======== Dataset entries

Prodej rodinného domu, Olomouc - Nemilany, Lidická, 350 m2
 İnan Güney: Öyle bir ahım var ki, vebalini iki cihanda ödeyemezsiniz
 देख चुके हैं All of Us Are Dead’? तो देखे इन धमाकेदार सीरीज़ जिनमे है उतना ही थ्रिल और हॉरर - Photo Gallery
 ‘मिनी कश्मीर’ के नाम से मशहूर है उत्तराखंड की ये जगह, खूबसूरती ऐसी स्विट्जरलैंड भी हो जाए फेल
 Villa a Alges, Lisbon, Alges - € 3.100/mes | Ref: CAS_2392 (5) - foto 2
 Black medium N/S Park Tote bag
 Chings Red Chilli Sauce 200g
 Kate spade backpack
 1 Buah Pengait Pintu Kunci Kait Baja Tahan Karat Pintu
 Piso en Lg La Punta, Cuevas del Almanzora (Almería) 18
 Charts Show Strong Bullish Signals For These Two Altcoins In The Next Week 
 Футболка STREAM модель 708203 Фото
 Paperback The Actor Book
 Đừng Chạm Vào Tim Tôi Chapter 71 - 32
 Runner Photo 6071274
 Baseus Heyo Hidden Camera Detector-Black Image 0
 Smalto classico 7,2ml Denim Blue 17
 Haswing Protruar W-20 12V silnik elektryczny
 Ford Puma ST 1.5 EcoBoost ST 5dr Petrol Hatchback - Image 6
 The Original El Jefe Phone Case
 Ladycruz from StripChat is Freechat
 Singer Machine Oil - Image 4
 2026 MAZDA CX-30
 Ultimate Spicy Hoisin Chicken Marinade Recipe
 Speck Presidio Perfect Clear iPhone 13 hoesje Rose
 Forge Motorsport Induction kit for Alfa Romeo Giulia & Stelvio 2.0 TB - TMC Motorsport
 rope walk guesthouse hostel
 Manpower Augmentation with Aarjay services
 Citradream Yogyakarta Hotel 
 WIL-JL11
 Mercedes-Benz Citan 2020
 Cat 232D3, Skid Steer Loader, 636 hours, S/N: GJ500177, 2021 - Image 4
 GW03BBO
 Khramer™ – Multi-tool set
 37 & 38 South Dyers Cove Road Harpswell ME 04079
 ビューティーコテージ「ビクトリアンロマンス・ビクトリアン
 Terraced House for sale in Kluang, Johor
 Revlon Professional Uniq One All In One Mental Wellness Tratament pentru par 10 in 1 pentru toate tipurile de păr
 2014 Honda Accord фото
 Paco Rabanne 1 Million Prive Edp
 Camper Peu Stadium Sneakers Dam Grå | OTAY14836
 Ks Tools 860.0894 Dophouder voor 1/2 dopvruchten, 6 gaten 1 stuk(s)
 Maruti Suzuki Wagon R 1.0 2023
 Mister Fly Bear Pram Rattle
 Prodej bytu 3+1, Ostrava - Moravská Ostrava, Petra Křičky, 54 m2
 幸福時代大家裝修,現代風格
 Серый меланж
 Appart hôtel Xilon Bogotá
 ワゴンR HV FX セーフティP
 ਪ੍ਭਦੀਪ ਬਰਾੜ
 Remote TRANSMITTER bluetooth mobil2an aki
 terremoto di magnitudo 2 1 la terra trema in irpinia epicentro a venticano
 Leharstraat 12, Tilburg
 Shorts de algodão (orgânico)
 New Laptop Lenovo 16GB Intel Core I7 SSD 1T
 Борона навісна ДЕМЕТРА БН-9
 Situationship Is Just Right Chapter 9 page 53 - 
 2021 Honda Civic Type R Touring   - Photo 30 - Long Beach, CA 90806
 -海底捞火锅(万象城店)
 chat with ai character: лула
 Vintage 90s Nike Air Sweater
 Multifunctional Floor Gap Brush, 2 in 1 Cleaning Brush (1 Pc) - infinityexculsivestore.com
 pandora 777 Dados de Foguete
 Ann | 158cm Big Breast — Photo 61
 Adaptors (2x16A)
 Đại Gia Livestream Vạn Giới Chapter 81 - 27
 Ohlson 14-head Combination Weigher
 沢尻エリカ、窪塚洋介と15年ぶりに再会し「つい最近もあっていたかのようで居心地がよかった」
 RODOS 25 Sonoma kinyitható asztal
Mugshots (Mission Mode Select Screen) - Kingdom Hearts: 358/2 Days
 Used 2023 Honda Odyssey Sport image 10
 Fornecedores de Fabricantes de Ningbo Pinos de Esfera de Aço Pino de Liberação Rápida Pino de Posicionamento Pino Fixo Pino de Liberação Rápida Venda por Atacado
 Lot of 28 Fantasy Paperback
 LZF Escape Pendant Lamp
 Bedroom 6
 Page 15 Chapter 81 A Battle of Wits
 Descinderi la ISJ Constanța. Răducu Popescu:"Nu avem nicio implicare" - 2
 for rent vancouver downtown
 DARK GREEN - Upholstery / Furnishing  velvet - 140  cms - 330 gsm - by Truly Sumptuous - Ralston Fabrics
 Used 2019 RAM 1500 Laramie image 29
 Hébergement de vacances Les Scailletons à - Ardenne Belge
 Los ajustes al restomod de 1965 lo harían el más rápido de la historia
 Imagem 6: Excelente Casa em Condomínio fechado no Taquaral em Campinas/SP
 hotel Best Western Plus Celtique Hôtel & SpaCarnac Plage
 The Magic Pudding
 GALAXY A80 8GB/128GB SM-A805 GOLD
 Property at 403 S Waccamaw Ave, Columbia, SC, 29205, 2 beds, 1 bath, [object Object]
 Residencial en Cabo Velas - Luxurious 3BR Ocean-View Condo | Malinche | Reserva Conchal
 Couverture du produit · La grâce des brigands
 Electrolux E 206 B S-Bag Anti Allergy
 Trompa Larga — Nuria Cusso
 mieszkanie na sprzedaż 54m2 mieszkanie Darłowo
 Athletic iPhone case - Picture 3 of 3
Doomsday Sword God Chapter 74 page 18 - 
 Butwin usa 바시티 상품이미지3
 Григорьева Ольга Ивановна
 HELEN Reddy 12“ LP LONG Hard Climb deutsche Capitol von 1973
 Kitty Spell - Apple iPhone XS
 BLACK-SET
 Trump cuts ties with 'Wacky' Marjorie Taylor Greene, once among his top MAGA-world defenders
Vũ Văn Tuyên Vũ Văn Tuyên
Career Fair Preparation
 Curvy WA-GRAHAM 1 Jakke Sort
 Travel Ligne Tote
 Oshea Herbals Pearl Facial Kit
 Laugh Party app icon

================

Reproduce exactly, please, only the lines from the start of the data above to the line that contains "भी हो जाए फेल", with both ends kept.

> _Result of this task_:
Prodej rodinného domu, Olomouc - Nemilany, Lidická, 350 m2
 İnan Güney: Öyle bir ahım var ki, vebalini iki cihanda ödeyemezsiniz
 देख चुके हैं All of Us Are Dead’? तो देखे इन धमाकेदार सीरीज़ जिनमे है उतना ही थ्रिल और हॉरर - Photo Gallery
 ‘मिनी कश्मीर’ के नाम से मशहूर है उत्तराखंड की ये जगह, खूबसूरती ऐसी स्विट्जरलैंड भी हो जाए फेल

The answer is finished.